**Dataset section:**
= = = = =
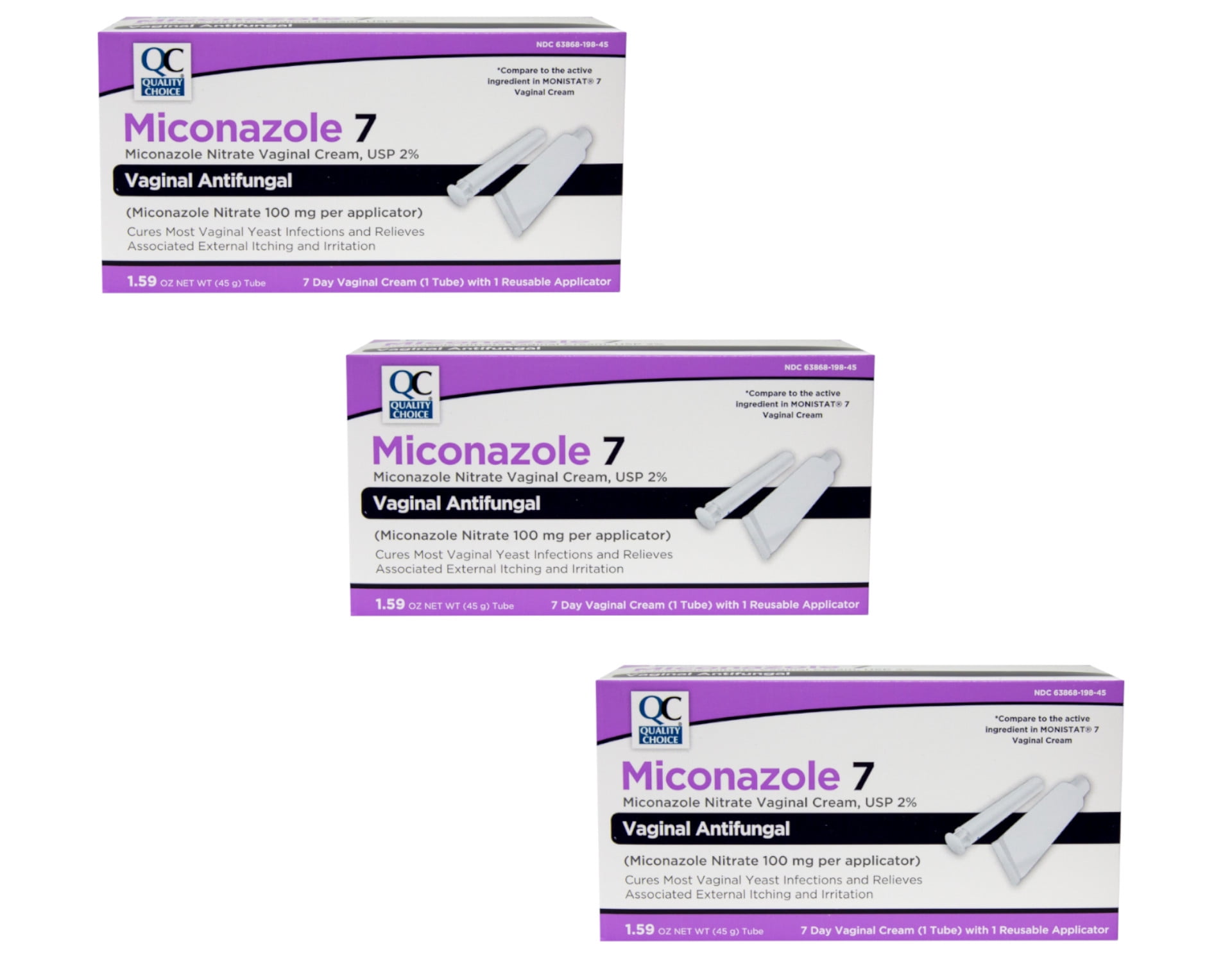 3 Pack Quality Choice Miconazole Nitrate Vaginal Cream 7-Day 2% 1.59oz Each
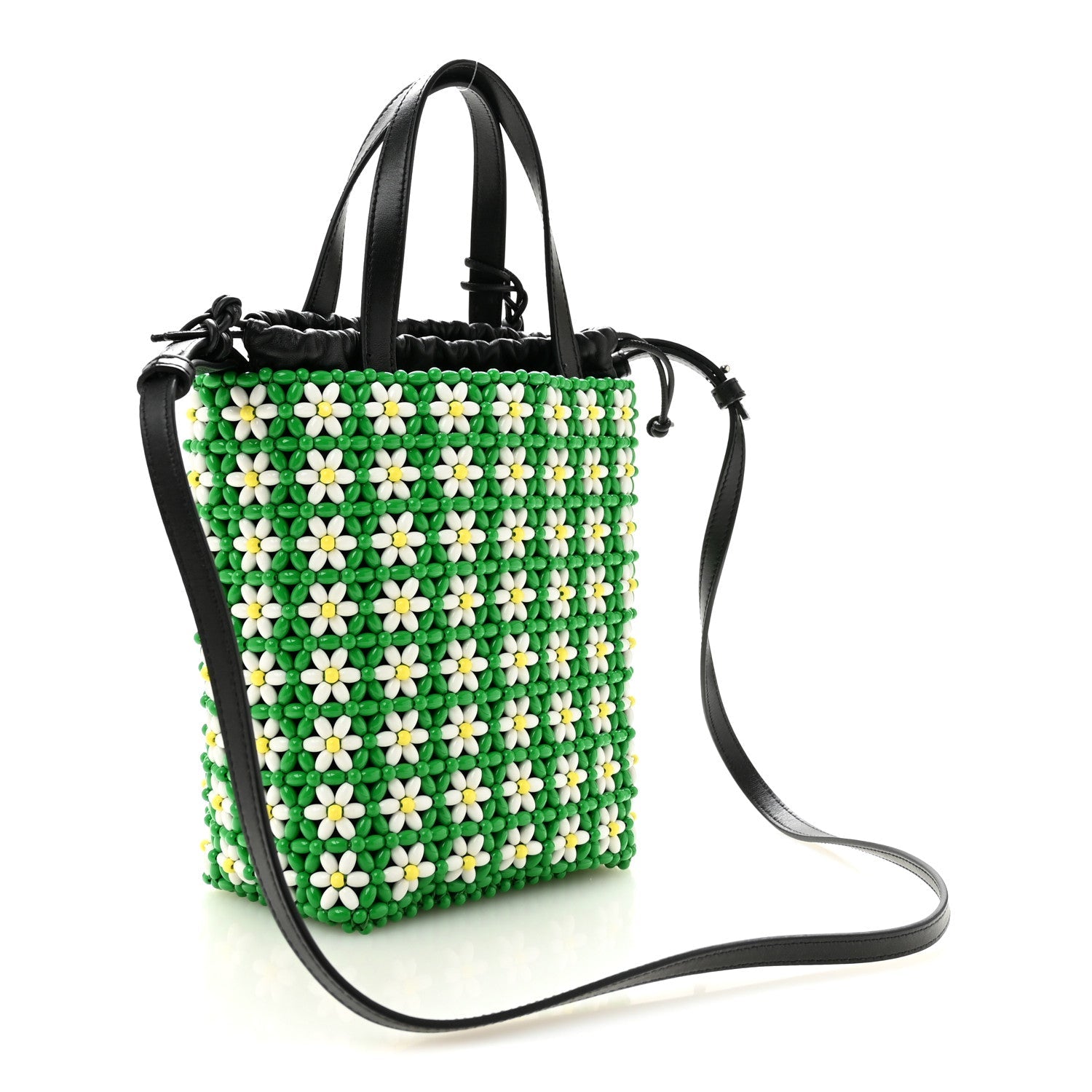 Loewe Beaded Mini Flower Drawstring Shoulder Bag Green White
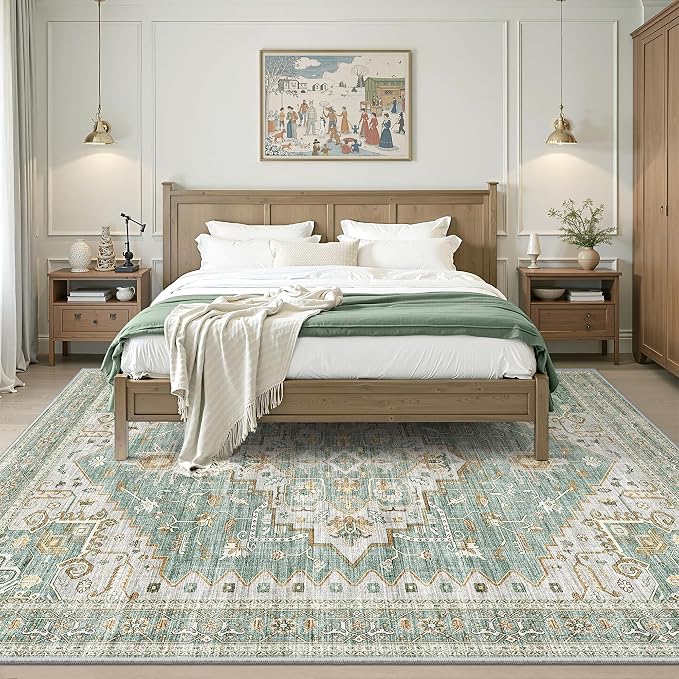 Living Room 10x14 Area Rugs, Washable Area Rug Stain Resistant Carpet Vintage Soft Rugs for Bedroom with Non Slip Backing Indoor Home Decor (10'x 14',Green)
= = = = =
**What is expected:** When you return the listing, keep it exact and omit any pictures it holds.

**Response to this exercise:**
 3 Pack Quality Choice Miconazole Nitrate Vaginal Cream 7-Day 2% 1.59oz Each
 Loewe Beaded Mini Flower Drawstring Shoulder Bag Green White
 Living Room 10x14 Area Rugs, Washable Area Rug Stain Resistant Carpet Vintage Soft Rugs for Bedroom with Non Slip Backing Indoor Home Decor (10'x 14',Green)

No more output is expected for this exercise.